Florence-jonduoFLORENCE JONDUO

AS Papua New Guinea’s fortieth anniversary of independence approaches so does the twentieth National Literacy Week.

With this in mind, we might turn our attention to the state of literacy in our country.

Here’s the short story – the literacy rate is increasing at a snails’ pace.

Last year’s national literacy report revealed that 23 districts in PNG have very low literacy rates, rates below 40%; which is a sad factual situation.

We have reached 40 years of political Independence and to have 23 districts with very low literacy rates is hard to believe.

From 2010 National Research Institute data, 83% of these districts are in the Highlands with Karimui-Nomane showing the lowest figure of just over 20%.

This is not a trivial matter. Education is one of the critical priorities of our country yet we have the lowest literacy rate in the Pacific.

PNG has been identified by UNESCO as one of the 35 countries in the Asia-Pacific region that require urgent attention to improve the adult literacy rate.

The eradication of illiteracy and innumeracy is not only the responsibility of the government, the education department or other authorities.

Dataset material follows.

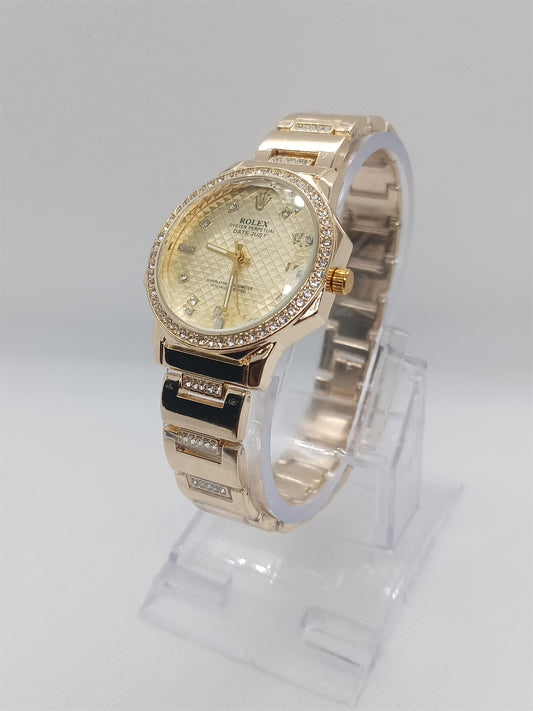 Royal Charm Ladies Watch – Gold Stainless Chain, Crystal Bezel, Textured Dial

It is the responsibility of each and every one of us.

Papua New Guineans who are educated have a responsibility and obligation to help families, relatives and friends who may be illiterate and innumerate.

The development of our nation is enhanced by the citizens of PNG being literate and numerate.

People need functional literacy, skills and knowledge that they can use every day to better their lives, communities and the whole country.

PNG’s literacy policy is 14 years old and needs updating to meet the 21st century.

Literacy is for everyone, it is for empowerment for a better now, tomorrow and future.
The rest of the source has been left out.